Saved data entries
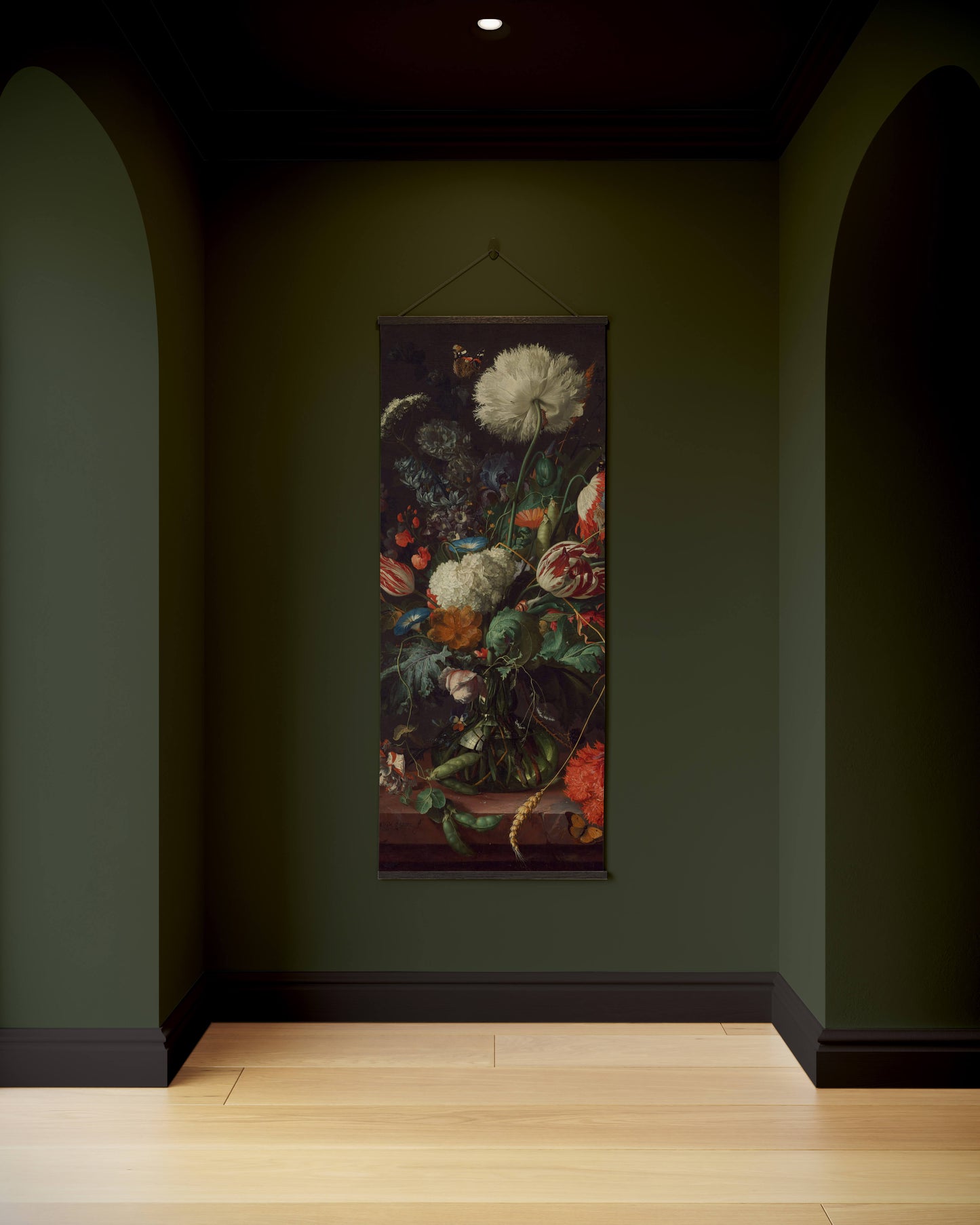 Floral tapestry hanging on a dark green wall in a dimly lit room.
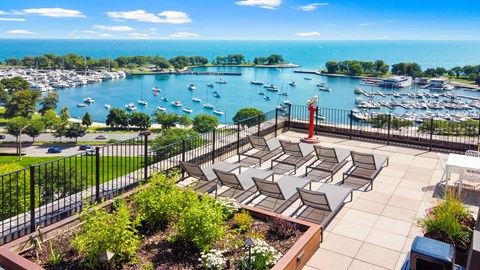 a view of a marina with boats in the water and a deck with chairs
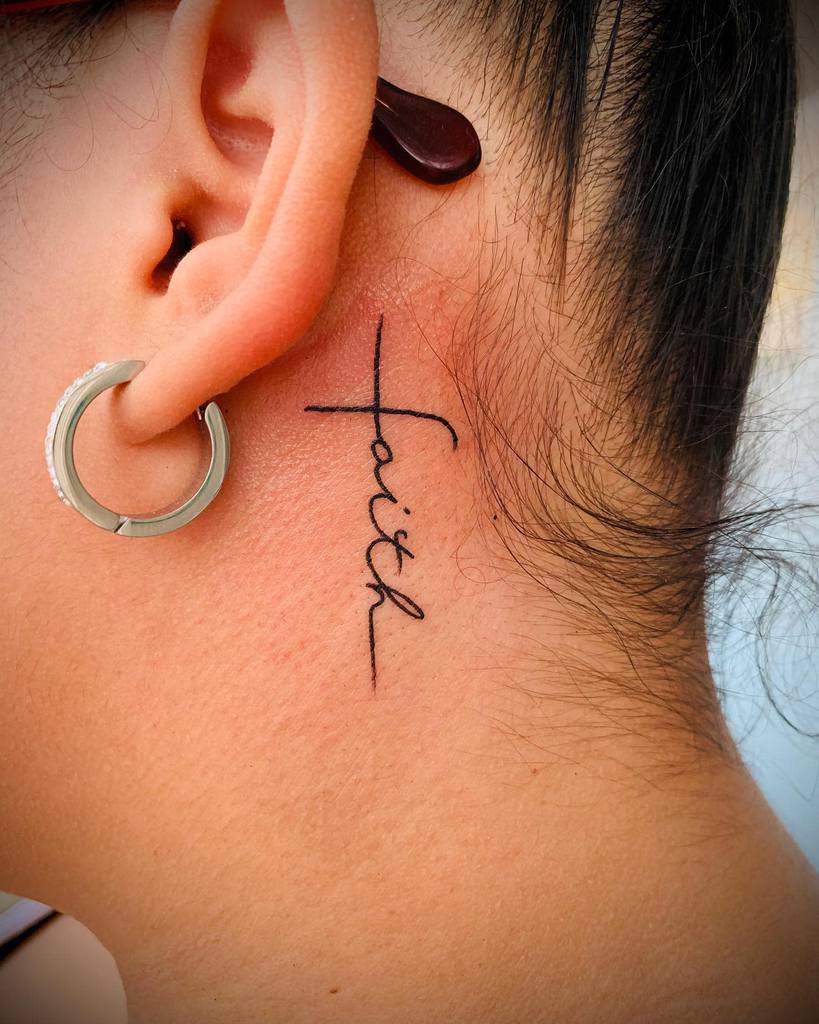 Elegant cross tattoo behind the ear with 'faith' integrated into the design, symbolizing hope and spirituality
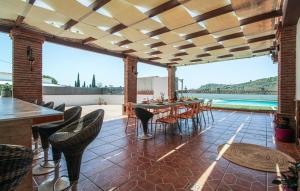 a patio with a table and chairs and a view at Villa el Cortijo in Torrox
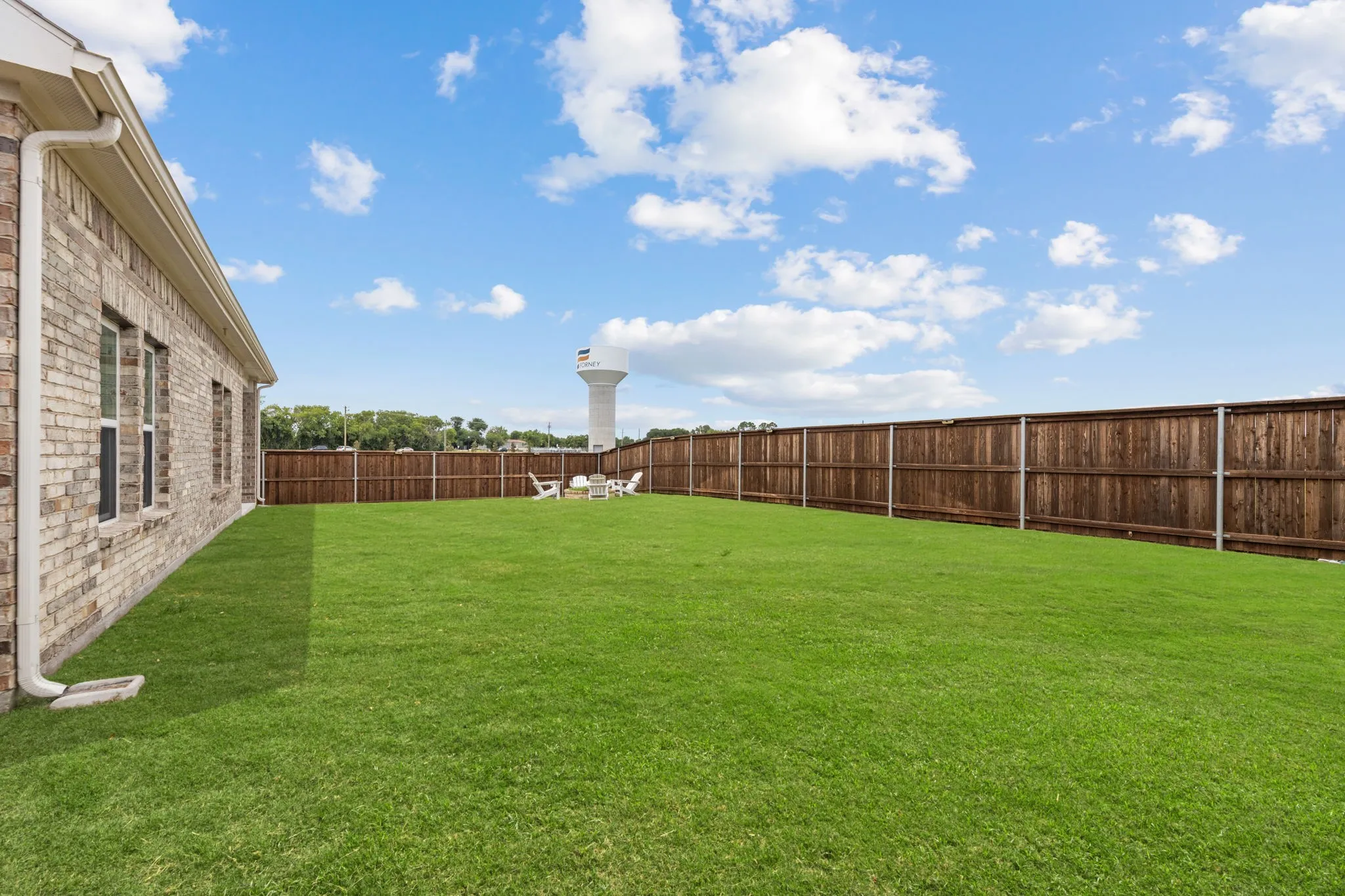 Expansive green lawn with a full privacy fence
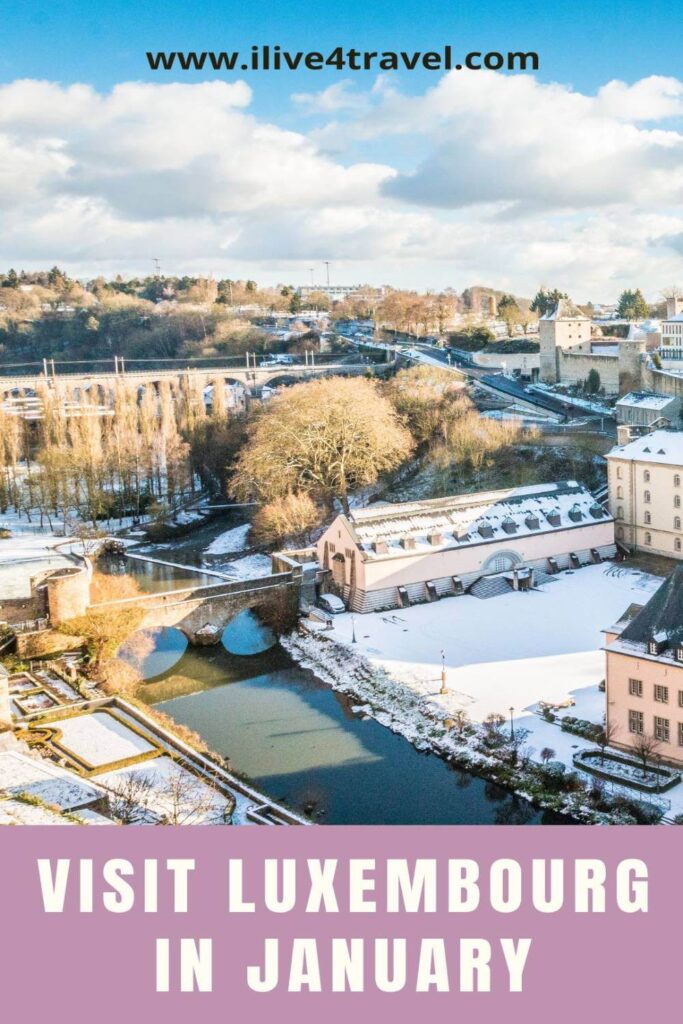 Pinterest pin showing a winter view of Luxembourg City with light snow covering the rooftops, bridges, and riverbanks. The image features the scenic Alzette River and the historic stone bridge surrounded by pastel buildings under a bright blue sky. Text on the pin reads “Visit Luxembourg in January”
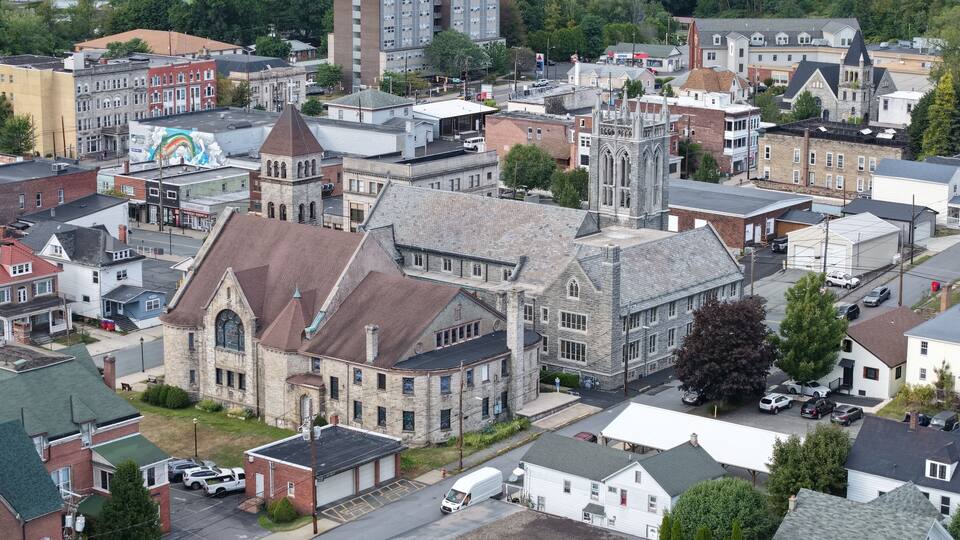 A historic church with a prominent steeple and a large mural on the side of a building.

Work instructions: An exact copy of all the data above is required; omit any pictures.

Task response:
 Floral tapestry hanging on a dark green wall in a dimly lit room.
 a view of a marina with boats in the water and a deck with chairs
 Elegant cross tattoo behind the ear with 'faith' integrated into the design, symbolizing hope and spirituality
 a patio with a table and chairs and a view at Villa el Cortijo in Torrox
 Expansive green lawn with a full privacy fence
 Pinterest pin showing a winter view of Luxembourg City with light snow covering the rooftops, bridges, and riverbanks. The image features the scenic Alzette River and the historic stone bridge surrounded by pastel buildings under a bright blue sky. Text on the pin reads “Visit Luxembourg in January”
 A historic church with a prominent steeple and a large mural on the side of a building.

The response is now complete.